FAYETTEVILLE
Four months before Monday's announcement that a soldier had been charged with a sexual assault on Fort Bragg, Fayetteville police charged him with breaking into a home and pointing an air gun at the residents.
The Fayetteville Observer reported that Spc. Aaron M. Pernell was charged Sept. 11 with burglary of a home on Old Castle Road and with assault by pointing a gun. He was booked into the Cumberland County Jail, police records show.
The records say that Pernell was released Oct. 22, when his estranged wife, Shawna Loren Levzow-Augenstein Pernell, arranged to post his $50,000 bail.
On Tuesday, Fayetteville police publicly named Pernell "a person of interest" in seven sexual assaults in the city. Five of those assaults happened after his release from jail, the records show.
Fayetteville police are now trying to determine whether Pernell, who is 22, committed any of the sexual assaults in the city.
Members of a task force assembled to investigate the assaults were tight-lipped Wednesday. But Fayetteville police Capt. Mark Bridgeman, a task force spokesman, did say that Pernell's arrest shouldn't make people feel safe.
"People should remain vigilant based on what the case is," he said.
A day earlier, police spokesman Chris Davis said, "At this point, we do not have any direct evidence connecting him to our cases. We're in the process of trying to do that."
Two days before his release from jail, Cumberland County court documents show, a magistrate evicted Pernell from Regency Apartments and ordered him to pay $792.75 in rent and late fees.
After his release, family members say, he returned to Fort Bragg and lived in the barracks. Pernell is a member of the 1st Battalion of the 82nd Airborne Division's 325th Airborne Infantry Regiment.
Maj. Brian Fickel, a division spokesman, said Pernell was not placed on restrictions, but the Army ordered a sergeant to accompany him on post. If he left Fort Bragg, a noncommissioned officer had to escort him, Fickel said.

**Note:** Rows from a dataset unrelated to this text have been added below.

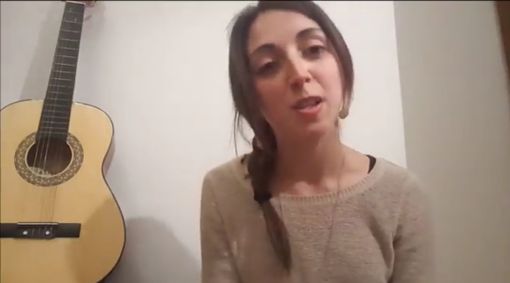 I nonesi si riconnettono tra di loro grazie a dirette e video online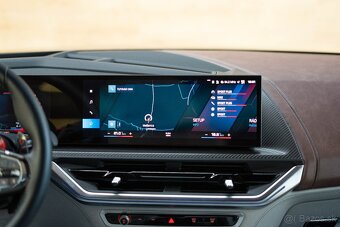 BMW XM 4.4 V8 - 10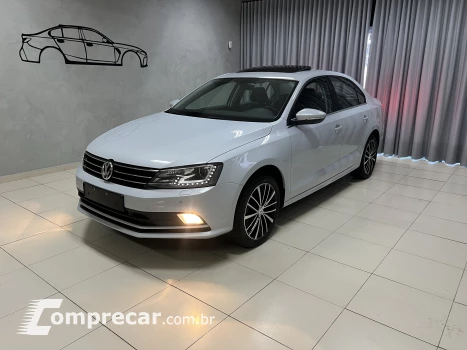 Volkswagen JETTA 2.0 TSI Highline 211cv 4 portas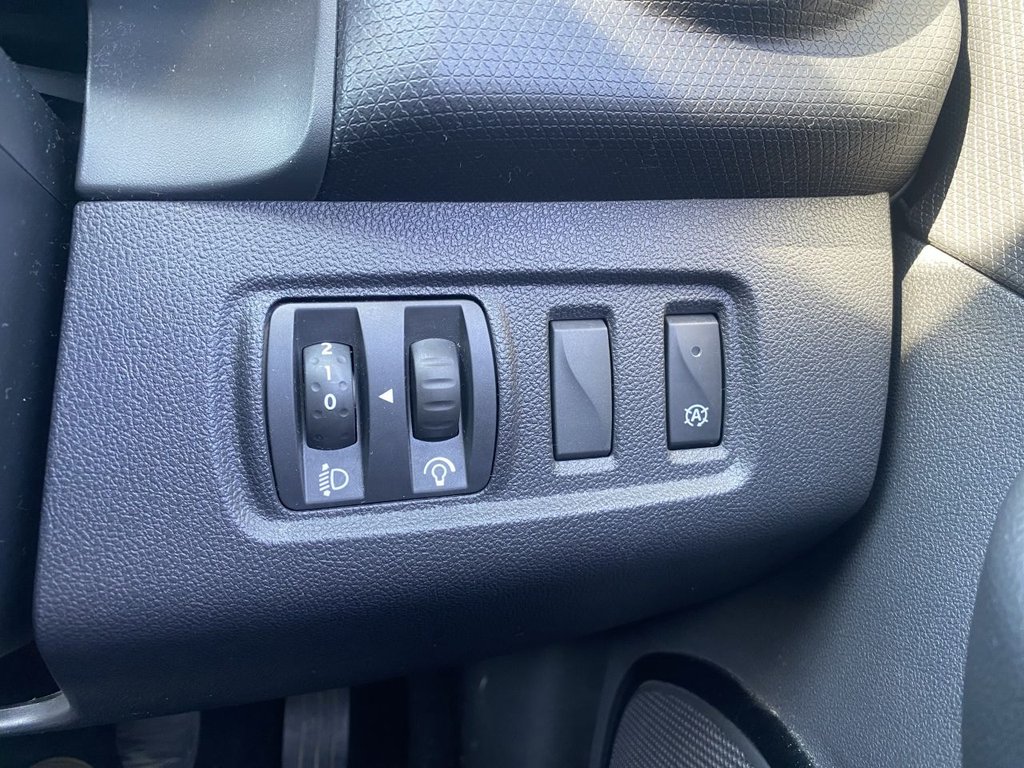 Used Renault Clio 2019 for sale - 75799104: Photo 16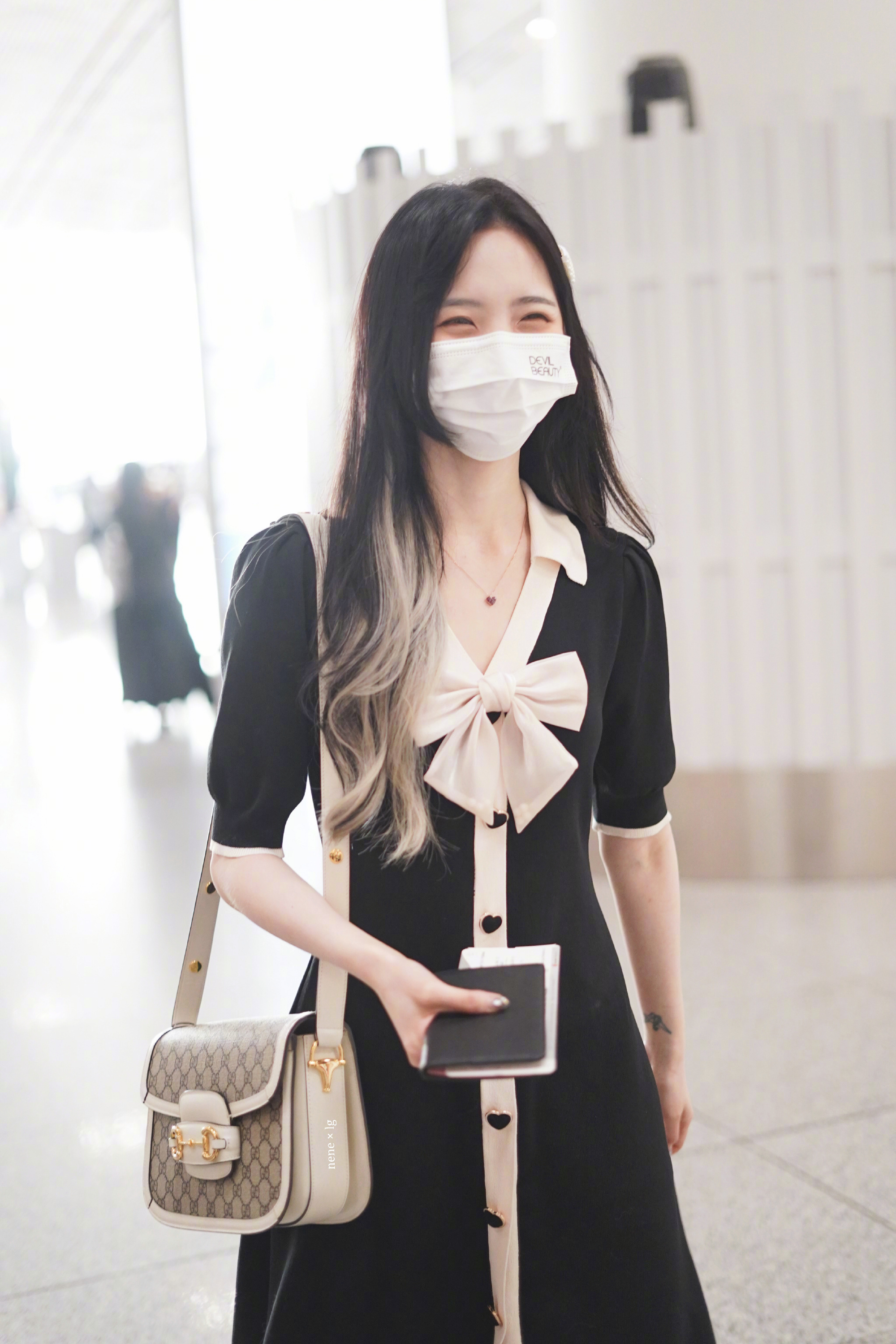 郑乃馨今日份机场饭拍 黑色连衣裙太淑女啦 笑起来眉眼弯弯……__财经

Fickel said that the Army has no record of Pernell getting an Article 15 disciplinary action.
Pernell's estranged wife, who lives in St. Petersburg, Fla., said she does not think her husband is capable of the crimes he is accused of committing.
"It's not like him," Shawna Pernell said. "I'm just as shocked as my parents are. Something serious has to be going on with him, because he would never do that."
She said she met her husband on Jan. 15, 2008, while she was transferring to Fort Bragg. He asked her for a light, even though his cigarette was already burning. Shawna Pernell said she thought he was charming.
They married six months later, and she left the Army before giving birth to his daughter six months after that.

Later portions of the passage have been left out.